The gradient and Hessian of this objective function involve
integrals over the intersection between a Laguerre diagram and the
tetrahedral mesh that supports the input source piecewise linear
density. I will present an efficient algorithm to compute these
integrals, as well as its use by a Newton-type solver
[Kitagawa,Merigot,Thibert], and some applications in fluid
dynamics [Gallouet Merigot].

Coffee break

*11h00-11h45: **A.
Gramfort. **Optimal
transport for statistics problem in neuroimaging.*
Abstract

*
*

Knowing how the Human brain is anatomically and functionally
organized at the level of a group of healthy individuals or
patients is the primary goal of neuroimaging research. Yet a
number of statistical challenges emerge when processing
functional brain imaging data such as functional MRI (fMRI),
electroencephalography (EEG) or magnetoencephalography (MEG).

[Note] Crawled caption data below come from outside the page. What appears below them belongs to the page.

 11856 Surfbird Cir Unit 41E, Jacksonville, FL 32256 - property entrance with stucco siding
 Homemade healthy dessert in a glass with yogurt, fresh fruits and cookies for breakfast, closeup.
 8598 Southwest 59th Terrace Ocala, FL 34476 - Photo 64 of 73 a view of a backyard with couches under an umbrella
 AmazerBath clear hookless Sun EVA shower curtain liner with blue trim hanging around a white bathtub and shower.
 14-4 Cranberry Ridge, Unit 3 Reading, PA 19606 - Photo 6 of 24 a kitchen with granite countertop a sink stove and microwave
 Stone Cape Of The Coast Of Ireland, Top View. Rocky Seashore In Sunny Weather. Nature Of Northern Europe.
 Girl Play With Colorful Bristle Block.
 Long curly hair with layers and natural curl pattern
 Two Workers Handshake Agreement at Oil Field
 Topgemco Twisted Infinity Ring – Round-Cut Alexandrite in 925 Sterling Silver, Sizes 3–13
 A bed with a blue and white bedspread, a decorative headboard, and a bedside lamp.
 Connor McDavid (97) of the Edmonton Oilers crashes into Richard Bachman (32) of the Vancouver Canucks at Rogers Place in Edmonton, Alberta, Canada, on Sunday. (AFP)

One of them is computing an average of brain imaging data
defined over a voxel grid or a triangulation in order to
estimate a prototypical brain activation map for the
population. The problem is that data are large, the geometry
of the brain is complex and the between subjects variability
leads to spatially or temporally non-overlapping activation
foci. To address the problem of variability, data are commonly
smoothed before averaging, but this goes against the objective
of brain research to achieve better spatiotemporal resolution.
In this talk, I will show how using optimal transport and
Wasserstein barycenters one can average fMRI and MEG brain
activations without blurring the results. A specifity of the
approach is to be able to handle non-normalized data.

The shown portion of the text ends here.